Extract the records in full, leaving every picture out.

[Opening SOURCE MATERIAL section]

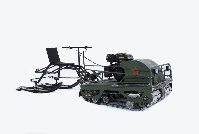 купить Мотобуксировщик POMOR X2 K-15 С реверс-редуктором в Москве - фото 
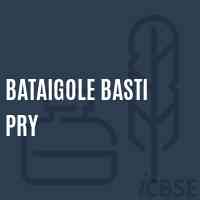 Bataigole Basti Pry Primary School Logo
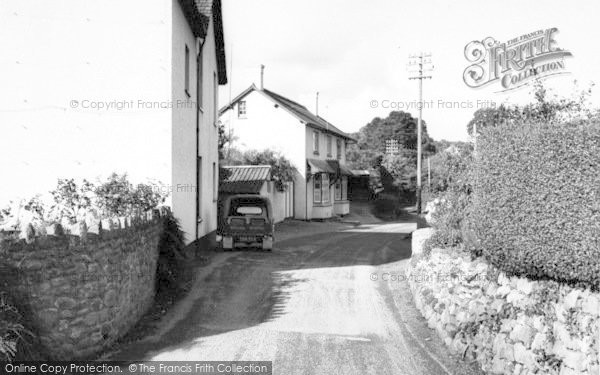 Photo of Carhampton, The Village c.1965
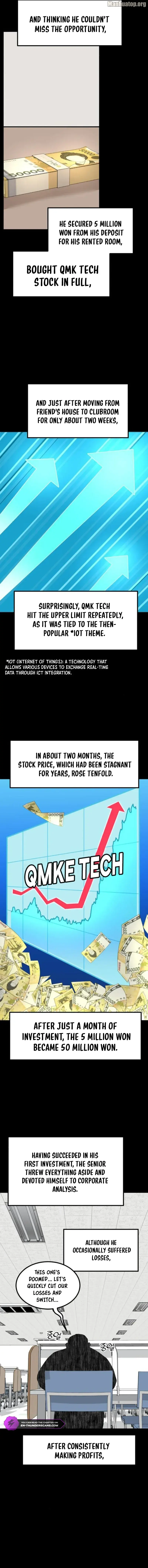 Read The Investor Who Sees the Future Manga Online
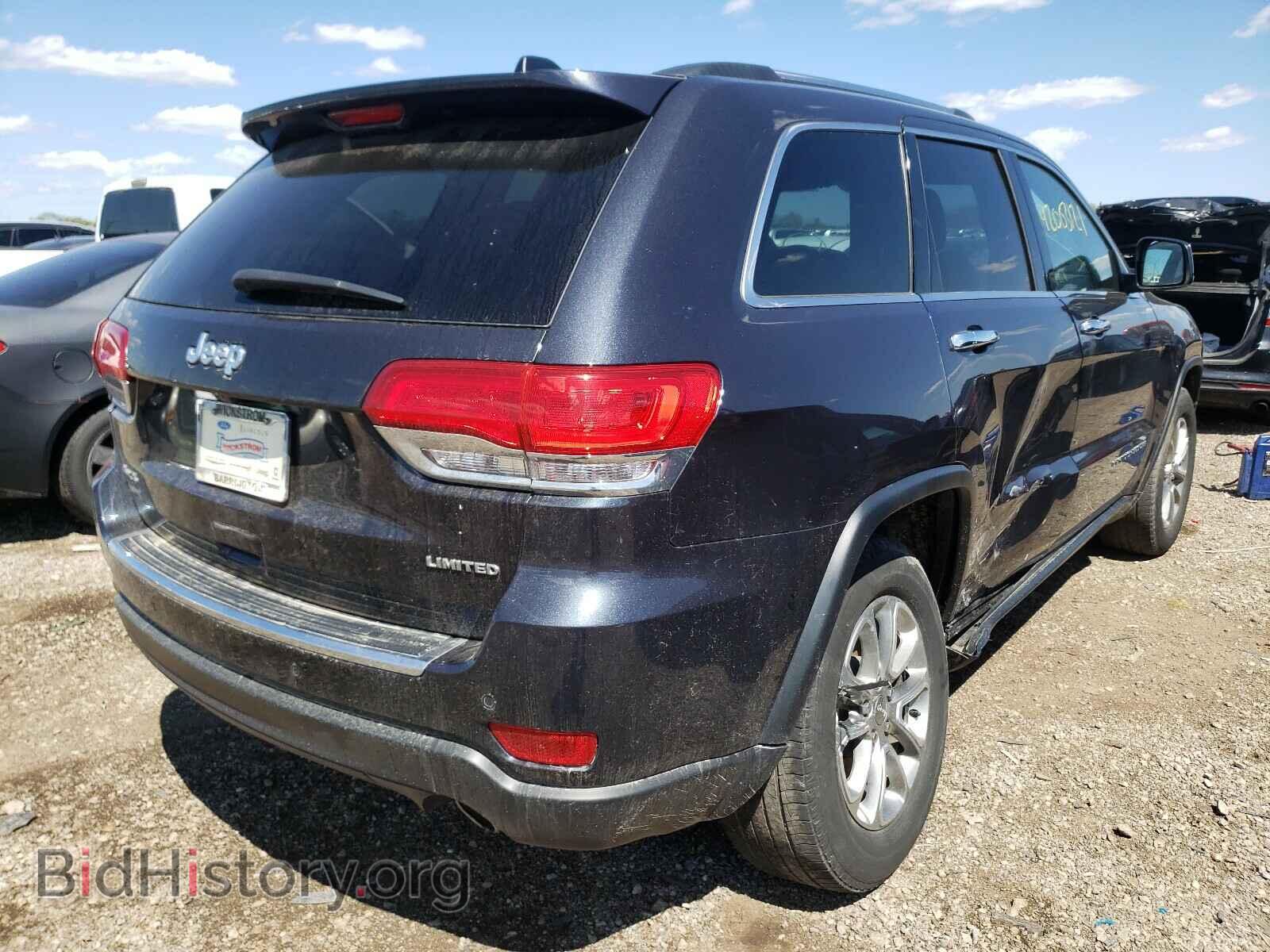 2015 JEEP CHEROKEE - VIN: 1C4RJFBG2FC100285 - Фото 4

[Closing SOURCE MATERIAL section]

FINISHED TASK
 купить Мотобуксировщик POMOR X2 K-15 С реверс-редуктором в Москве - фото 
 Bataigole Basti Pry Primary School Logo
 Photo of Carhampton, The Village c.1965
 Read The Investor Who Sees the Future Manga Online
 2015 JEEP CHEROKEE - VIN: 1C4RJFBG2FC100285 - Фото 4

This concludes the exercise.